Just about everyone was on board to do it right away, but Macchio took some convincing. He had several meetings with the creators, who talked with him at great length about the concept for Cobra Kai. “I was the last one to come to the party because I was the one that said no the most over the years,” Macchio says. “I was always very protective. It always felt to me we had such a magical gift of a film. Who knew it was ever going to catch fire like this? I always felt going back, it would only taint the legacy.”

It was precisely the uniqueness of the show's angle that ultimately convinced Macchio to agree to participate. Still, how does Macchio feel about so many people questioning whether his character was actually the good guy? “It’s amazing,” Macchio explains. “It’s 34 years, and people are still having discussions. People are passionate about what the truth is.”

When Macchio and I started our conversation about the characters’ moral ambiguity, he was more than willing to admit that it wasn’t clear-cut, but the more we talked about it, the more he defended LaRusso as the true hero, and sees the theory of him being the villain as totally bogus. He, like many people online, is quite passionate.

“I don't think the argument holds that much water. They still beat the hell out of this kid every time he showed up, no matter how antagonistic he might have been,” Macchio tells me. “He beat the living shit out of this kid five times. And the whole concept of Cobra Kai is a negative thing.”

Over the course of the 10 half-hour episodes, the tone gets mixed, depending on whose point of view it takes. Not only does it focus on Lawrence and LaRusso, but also LaRusso’s 16-year-old daughter; Lawrence’s estranged son; and Miguel, Lawrence’s star pupil. These moments end up feeling a bit like a modern-day teen movie; scenes with Lawrence and LaRusso, though, often take a darker, comedic tone. One scene midway through the show has Lawrence explaining to Miguel who this Daniel LaRusso guy is.
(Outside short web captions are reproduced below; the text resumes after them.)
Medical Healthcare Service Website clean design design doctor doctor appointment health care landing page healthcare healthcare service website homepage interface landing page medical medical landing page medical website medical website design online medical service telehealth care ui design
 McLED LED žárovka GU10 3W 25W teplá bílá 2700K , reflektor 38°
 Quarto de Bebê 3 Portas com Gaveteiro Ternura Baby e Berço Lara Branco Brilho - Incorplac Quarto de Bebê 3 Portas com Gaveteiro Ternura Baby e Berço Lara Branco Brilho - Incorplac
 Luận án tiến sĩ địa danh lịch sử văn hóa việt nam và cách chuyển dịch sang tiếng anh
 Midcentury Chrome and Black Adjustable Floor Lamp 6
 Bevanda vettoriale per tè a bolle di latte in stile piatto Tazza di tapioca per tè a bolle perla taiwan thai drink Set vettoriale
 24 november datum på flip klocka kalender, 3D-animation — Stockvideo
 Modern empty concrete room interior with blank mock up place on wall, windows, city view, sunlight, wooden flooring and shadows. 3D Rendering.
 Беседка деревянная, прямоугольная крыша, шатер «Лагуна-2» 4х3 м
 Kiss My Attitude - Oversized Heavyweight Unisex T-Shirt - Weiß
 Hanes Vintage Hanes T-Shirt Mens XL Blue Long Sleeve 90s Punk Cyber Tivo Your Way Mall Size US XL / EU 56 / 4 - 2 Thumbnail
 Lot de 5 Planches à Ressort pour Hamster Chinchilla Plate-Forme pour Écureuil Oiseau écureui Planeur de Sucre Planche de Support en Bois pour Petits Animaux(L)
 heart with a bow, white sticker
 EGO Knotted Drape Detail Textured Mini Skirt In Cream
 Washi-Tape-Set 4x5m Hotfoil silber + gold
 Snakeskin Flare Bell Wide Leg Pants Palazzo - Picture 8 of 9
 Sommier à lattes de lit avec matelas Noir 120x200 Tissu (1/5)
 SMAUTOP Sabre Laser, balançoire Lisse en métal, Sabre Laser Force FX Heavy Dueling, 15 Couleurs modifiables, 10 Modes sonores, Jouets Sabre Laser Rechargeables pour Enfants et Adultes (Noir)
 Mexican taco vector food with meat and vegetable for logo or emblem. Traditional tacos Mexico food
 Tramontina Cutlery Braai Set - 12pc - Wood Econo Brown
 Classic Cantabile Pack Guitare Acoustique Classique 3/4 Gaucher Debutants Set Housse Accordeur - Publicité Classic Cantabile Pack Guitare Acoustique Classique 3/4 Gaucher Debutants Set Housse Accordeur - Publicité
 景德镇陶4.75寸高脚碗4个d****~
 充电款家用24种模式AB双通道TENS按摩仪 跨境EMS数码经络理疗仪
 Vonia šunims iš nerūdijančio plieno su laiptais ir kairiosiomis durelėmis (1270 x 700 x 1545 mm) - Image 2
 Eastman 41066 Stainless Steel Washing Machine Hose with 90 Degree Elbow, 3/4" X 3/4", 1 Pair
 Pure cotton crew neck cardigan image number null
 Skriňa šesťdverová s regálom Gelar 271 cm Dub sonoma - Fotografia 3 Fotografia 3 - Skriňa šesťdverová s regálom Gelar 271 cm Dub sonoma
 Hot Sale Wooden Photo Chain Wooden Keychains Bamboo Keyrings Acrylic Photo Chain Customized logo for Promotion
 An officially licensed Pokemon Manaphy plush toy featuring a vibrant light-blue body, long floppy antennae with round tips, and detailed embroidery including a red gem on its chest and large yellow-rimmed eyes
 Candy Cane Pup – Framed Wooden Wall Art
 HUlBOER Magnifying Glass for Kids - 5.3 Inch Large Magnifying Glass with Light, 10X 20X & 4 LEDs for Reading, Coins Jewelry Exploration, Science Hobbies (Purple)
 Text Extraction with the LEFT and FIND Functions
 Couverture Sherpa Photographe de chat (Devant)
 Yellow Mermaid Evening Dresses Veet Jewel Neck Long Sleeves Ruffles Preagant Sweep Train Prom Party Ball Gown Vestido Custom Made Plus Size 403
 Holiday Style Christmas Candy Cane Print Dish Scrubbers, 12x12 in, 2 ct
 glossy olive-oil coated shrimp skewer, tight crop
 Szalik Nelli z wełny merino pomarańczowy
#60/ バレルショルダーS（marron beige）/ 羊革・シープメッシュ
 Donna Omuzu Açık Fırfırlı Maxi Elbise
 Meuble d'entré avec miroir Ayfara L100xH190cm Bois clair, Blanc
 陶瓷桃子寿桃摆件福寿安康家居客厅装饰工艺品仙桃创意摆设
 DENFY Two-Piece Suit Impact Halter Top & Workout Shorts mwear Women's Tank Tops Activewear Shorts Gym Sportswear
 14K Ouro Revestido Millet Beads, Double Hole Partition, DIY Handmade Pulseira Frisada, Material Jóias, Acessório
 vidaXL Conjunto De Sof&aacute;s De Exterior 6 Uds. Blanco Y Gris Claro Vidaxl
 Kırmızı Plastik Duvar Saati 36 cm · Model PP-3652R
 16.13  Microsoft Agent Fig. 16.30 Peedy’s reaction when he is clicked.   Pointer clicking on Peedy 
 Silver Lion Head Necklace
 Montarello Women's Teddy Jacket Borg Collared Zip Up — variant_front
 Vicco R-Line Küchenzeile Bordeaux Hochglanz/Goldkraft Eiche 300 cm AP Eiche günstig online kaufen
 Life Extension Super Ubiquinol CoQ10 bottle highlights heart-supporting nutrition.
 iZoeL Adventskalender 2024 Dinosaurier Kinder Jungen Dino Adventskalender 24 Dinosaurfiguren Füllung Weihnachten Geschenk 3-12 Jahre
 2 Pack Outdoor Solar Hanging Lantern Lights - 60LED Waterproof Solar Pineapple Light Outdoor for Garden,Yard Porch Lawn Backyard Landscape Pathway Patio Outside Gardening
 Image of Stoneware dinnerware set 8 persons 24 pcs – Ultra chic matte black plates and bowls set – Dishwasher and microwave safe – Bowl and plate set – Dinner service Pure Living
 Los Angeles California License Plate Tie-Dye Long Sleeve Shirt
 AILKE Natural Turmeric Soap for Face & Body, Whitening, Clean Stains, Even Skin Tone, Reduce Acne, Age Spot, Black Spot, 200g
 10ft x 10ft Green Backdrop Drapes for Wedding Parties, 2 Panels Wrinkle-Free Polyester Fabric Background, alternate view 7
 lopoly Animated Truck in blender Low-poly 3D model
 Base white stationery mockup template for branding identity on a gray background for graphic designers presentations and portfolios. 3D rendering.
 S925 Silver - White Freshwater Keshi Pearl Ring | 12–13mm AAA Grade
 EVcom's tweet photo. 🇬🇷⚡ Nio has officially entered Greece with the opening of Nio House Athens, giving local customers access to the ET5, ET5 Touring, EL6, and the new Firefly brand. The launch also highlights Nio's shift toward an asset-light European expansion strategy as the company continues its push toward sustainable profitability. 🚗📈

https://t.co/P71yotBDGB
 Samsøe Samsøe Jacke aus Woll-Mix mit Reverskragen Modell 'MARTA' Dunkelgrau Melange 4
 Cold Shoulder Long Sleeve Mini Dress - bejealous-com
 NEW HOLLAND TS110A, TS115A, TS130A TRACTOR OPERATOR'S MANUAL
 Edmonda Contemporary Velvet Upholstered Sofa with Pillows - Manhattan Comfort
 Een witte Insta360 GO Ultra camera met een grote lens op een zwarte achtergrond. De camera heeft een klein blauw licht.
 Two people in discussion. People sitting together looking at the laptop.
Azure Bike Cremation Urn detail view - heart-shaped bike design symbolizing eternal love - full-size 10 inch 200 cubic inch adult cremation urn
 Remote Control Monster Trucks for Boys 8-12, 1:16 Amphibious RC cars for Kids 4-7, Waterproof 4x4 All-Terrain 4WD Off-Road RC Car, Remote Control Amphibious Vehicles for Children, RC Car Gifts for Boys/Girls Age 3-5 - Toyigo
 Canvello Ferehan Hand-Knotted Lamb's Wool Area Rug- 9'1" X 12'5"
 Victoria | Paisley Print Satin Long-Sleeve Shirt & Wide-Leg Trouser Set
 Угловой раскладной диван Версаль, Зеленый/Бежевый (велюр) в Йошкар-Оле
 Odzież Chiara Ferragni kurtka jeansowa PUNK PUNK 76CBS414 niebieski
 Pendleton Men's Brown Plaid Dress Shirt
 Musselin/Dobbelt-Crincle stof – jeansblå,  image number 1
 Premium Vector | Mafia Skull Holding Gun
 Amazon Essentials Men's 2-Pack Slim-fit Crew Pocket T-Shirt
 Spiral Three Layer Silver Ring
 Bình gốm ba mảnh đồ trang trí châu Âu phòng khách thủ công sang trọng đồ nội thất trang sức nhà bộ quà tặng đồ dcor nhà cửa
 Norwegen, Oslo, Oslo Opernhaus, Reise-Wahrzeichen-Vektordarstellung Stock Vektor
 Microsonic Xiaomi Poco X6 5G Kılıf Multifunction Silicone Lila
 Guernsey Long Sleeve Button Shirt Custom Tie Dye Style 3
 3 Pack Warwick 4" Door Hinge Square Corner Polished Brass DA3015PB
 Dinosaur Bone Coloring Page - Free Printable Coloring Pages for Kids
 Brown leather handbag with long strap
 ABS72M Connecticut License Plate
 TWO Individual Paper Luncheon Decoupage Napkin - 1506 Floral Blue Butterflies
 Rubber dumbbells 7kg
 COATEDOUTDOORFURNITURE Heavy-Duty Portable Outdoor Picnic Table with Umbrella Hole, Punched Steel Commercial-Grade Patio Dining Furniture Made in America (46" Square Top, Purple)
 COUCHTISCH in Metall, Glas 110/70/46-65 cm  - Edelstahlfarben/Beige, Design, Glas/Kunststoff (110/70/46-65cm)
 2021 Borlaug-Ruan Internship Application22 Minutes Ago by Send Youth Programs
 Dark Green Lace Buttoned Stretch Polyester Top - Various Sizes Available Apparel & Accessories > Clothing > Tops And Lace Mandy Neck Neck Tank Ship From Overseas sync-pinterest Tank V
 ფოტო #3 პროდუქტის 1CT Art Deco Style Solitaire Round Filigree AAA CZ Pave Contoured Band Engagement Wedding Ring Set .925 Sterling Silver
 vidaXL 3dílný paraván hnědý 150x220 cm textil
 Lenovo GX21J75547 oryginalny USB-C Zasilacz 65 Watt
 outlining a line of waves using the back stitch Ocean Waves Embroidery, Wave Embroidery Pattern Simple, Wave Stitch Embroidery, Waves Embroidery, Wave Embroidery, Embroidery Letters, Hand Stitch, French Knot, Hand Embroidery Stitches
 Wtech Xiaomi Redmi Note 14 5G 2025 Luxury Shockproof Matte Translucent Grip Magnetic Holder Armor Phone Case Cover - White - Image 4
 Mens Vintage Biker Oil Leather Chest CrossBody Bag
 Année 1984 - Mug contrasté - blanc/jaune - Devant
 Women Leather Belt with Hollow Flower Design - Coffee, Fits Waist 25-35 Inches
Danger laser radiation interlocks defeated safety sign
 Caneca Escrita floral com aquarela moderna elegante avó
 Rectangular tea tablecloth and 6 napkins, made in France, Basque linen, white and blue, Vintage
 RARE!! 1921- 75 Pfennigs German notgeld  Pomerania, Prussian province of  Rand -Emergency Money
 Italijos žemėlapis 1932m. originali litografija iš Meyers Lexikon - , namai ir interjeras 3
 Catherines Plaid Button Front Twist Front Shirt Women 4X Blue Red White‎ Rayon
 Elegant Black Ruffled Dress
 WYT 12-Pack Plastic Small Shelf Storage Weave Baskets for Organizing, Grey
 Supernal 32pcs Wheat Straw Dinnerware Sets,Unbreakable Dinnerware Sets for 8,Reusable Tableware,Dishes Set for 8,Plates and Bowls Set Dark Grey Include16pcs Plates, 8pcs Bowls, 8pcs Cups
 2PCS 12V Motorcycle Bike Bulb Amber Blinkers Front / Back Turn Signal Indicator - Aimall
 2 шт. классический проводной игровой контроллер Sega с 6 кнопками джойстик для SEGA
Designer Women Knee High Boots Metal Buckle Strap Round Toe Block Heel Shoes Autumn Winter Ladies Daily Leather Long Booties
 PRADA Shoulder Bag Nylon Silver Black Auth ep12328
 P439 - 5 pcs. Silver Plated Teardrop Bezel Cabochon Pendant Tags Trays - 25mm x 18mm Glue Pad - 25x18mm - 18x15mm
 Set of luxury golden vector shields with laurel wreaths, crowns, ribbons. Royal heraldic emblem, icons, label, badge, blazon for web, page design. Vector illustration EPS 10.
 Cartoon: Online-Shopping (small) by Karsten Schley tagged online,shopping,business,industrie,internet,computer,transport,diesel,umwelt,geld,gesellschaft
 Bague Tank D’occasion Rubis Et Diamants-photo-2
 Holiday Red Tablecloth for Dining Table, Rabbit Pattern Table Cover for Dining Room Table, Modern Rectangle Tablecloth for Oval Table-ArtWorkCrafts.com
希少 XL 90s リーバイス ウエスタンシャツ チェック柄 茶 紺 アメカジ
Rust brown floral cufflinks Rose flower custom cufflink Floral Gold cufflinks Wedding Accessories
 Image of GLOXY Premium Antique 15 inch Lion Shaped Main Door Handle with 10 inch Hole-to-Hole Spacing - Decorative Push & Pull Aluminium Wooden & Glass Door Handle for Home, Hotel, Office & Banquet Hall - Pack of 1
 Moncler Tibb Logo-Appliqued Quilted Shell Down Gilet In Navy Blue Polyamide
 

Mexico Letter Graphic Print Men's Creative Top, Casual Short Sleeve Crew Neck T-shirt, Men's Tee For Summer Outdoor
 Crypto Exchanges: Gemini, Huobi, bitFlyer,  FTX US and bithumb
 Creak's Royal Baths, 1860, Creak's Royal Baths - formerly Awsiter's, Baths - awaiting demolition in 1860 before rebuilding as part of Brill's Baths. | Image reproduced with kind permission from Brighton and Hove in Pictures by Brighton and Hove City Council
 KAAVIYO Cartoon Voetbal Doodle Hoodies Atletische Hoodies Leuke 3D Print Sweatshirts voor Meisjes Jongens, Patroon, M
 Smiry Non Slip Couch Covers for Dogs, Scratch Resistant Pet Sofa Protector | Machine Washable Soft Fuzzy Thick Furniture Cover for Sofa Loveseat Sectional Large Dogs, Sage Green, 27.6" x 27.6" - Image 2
He retells the plot of The Karate Kid, casting himself as the victim and LaRusso as the villain. It’s pretty much J. Matthew Turner’s viral video.

In the end, it doesn’t really matter who you think is the good guy. The show is more about examining the characters' motivations and past trauma, and you end up just hoping that everyone can just work out their differences. “We're very intentionally bringing our audience in different sides of the equation in different people's heads, so we can really empathize with everybody,” Heald says. “Once you empathize with everybody, there's this massive conflict of wanting everybody to win. That gives you that little push and that something that kind of drives it along."
Cobra Kai launches Wednesday, May 2, on YouTube Red.